- [Problem to solve]: For this exercise, return exactly the lines of the material below that begin at the one with "Hyperthyroidism, Illustration" and stop after the one with "Şeffaf-Plak-Tedavisi".

- [Entries provided]:
····················

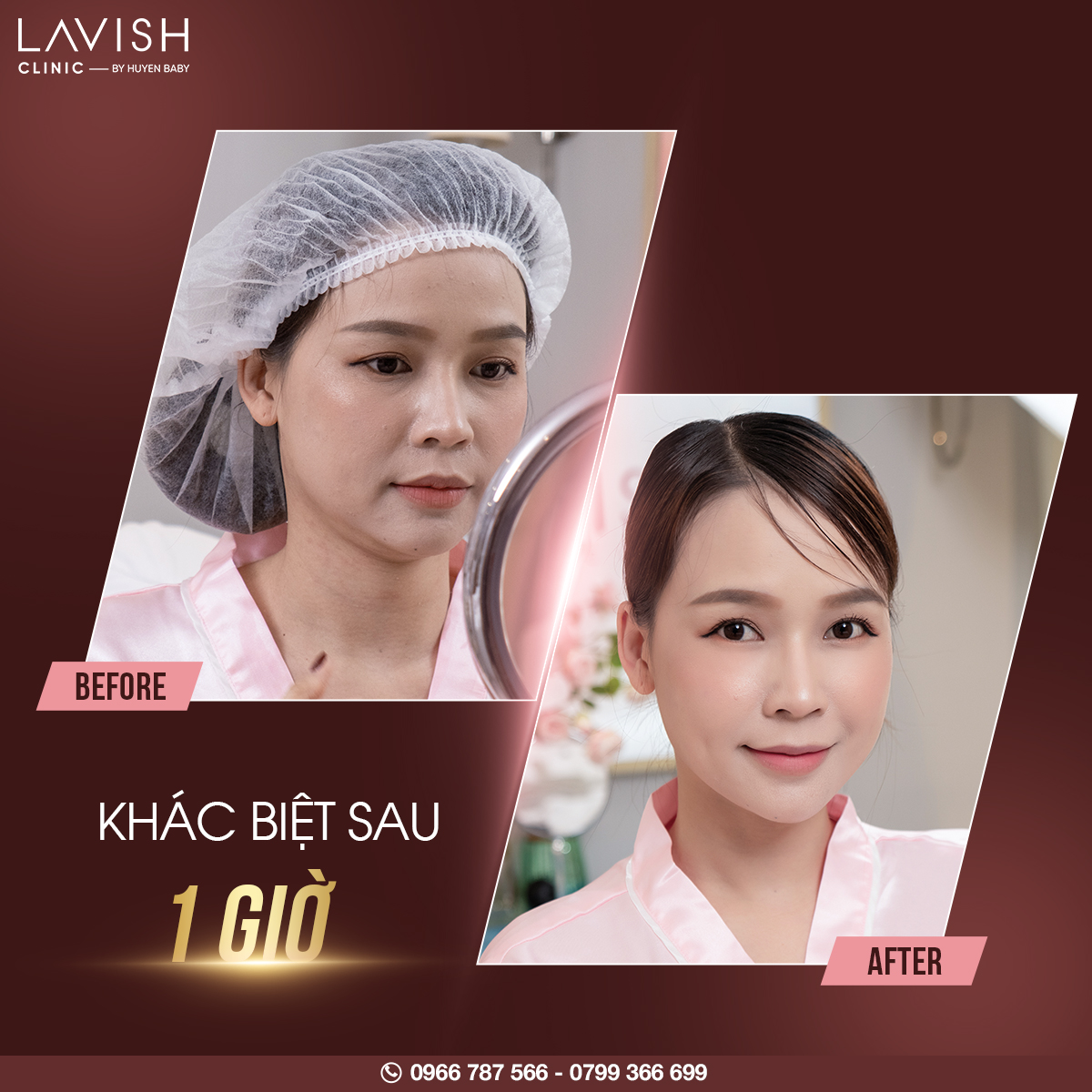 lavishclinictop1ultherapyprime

····················

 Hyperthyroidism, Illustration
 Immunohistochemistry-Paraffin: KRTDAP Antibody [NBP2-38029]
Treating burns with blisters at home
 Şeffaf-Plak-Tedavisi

····················

- [Output]:
 Hyperthyroidism, Illustration
 Immunohistochemistry-Paraffin: KRTDAP Antibody [NBP2-38029]
Treating burns with blisters at home
 Şeffaf-Plak-Tedavisi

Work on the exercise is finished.